#### Work item:
Reproduce the records exactly, beginning with their first line and ending with the line that contains "Second Generation Besties", and output nothing more.
Provided information section start
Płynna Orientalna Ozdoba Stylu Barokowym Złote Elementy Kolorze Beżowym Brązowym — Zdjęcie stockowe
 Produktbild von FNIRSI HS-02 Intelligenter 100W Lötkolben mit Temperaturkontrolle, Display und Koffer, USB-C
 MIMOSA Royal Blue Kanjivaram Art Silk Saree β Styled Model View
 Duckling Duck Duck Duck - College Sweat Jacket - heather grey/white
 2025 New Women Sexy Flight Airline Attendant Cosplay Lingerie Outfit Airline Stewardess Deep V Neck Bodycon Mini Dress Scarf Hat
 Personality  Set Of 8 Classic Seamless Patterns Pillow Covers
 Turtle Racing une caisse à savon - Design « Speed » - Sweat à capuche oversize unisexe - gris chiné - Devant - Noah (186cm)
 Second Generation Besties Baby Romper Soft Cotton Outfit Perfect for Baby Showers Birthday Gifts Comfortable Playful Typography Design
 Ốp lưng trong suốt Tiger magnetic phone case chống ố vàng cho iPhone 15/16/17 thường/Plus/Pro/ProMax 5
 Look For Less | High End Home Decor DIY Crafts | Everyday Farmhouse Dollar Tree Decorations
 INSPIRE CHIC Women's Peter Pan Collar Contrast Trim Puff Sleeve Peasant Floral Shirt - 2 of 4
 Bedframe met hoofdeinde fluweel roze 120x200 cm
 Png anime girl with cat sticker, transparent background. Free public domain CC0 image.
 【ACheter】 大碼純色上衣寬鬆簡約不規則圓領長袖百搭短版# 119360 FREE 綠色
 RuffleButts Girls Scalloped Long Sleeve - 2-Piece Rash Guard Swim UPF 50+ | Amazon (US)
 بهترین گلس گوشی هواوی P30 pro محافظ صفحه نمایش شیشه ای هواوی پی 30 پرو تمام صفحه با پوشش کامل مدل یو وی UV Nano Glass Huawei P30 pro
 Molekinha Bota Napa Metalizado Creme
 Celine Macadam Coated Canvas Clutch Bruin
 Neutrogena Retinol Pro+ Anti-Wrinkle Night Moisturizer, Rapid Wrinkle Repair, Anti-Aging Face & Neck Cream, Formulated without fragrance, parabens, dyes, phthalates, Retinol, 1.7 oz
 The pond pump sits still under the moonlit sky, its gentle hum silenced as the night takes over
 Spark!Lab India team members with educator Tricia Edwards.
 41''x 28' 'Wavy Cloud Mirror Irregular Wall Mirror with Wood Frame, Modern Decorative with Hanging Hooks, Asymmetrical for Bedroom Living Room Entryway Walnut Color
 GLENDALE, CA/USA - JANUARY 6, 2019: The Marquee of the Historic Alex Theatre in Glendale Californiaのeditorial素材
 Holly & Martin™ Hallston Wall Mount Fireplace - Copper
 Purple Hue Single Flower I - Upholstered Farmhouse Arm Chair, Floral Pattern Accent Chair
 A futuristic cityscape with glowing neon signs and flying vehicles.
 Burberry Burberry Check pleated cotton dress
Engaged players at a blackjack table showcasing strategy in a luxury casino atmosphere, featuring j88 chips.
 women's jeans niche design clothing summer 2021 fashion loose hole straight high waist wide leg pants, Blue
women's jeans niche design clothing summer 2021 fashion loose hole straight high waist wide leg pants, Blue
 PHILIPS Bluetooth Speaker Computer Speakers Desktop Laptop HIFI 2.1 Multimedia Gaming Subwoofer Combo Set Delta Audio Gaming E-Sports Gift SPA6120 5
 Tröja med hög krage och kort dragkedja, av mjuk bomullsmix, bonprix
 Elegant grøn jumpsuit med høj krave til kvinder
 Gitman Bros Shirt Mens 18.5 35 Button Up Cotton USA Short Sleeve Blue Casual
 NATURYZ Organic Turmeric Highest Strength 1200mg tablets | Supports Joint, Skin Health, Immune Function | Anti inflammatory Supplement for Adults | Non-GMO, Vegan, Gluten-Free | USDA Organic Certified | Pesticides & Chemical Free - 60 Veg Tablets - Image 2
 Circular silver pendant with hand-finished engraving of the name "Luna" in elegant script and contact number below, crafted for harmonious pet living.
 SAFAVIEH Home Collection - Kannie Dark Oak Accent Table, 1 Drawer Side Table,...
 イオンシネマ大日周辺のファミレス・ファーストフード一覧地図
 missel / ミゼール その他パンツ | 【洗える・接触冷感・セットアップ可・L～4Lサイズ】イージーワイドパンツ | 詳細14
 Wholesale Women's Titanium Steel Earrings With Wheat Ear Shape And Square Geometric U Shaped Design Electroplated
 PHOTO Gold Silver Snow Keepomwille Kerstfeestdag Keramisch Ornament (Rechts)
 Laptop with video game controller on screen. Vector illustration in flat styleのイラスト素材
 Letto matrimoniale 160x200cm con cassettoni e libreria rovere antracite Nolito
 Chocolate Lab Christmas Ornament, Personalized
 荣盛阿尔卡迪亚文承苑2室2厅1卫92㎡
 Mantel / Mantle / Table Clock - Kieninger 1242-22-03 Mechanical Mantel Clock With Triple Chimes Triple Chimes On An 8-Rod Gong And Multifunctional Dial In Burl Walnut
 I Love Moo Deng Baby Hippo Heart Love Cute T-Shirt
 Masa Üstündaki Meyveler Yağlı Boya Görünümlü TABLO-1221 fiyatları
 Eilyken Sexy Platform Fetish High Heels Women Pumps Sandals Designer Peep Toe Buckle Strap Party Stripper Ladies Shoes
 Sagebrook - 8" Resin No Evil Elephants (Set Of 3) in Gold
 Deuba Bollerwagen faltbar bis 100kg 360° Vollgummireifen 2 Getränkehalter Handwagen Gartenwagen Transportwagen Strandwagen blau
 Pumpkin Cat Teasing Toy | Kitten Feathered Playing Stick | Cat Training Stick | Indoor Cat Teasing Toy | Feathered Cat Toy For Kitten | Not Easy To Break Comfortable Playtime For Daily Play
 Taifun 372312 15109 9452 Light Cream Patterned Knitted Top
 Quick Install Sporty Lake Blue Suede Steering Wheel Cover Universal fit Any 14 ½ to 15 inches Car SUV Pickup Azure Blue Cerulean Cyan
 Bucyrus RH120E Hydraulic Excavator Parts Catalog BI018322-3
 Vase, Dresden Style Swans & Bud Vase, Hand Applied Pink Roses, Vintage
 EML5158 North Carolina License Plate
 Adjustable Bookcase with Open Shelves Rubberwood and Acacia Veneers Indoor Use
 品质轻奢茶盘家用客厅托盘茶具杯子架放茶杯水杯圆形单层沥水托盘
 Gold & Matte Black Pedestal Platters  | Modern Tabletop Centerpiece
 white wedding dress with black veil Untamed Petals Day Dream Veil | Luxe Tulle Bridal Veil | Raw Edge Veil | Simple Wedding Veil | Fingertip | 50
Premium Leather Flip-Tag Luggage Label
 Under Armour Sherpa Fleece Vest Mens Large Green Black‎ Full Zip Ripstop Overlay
Provided information section end
#### Solved problem:
Płynna Orientalna Ozdoba Stylu Barokowym Złote Elementy Kolorze Beżowym Brązowym — Zdjęcie stockowe
 Produktbild von FNIRSI HS-02 Intelligenter 100W Lötkolben mit Temperaturkontrolle, Display und Koffer, USB-C
 MIMOSA Royal Blue Kanjivaram Art Silk Saree β Styled Model View
 Duckling Duck Duck Duck - College Sweat Jacket - heather grey/white
 2025 New Women Sexy Flight Airline Attendant Cosplay Lingerie Outfit Airline Stewardess Deep V Neck Bodycon Mini Dress Scarf Hat
 Personality  Set Of 8 Classic Seamless Patterns Pillow Covers
 Turtle Racing une caisse à savon - Design « Speed » - Sweat à capuche oversize unisexe - gris chiné - Devant - Noah (186cm)
 Second Generation Besties Baby Romper Soft Cotton Outfit Perfect for Baby Showers Birthday Gifts Comfortable Playful Typography Design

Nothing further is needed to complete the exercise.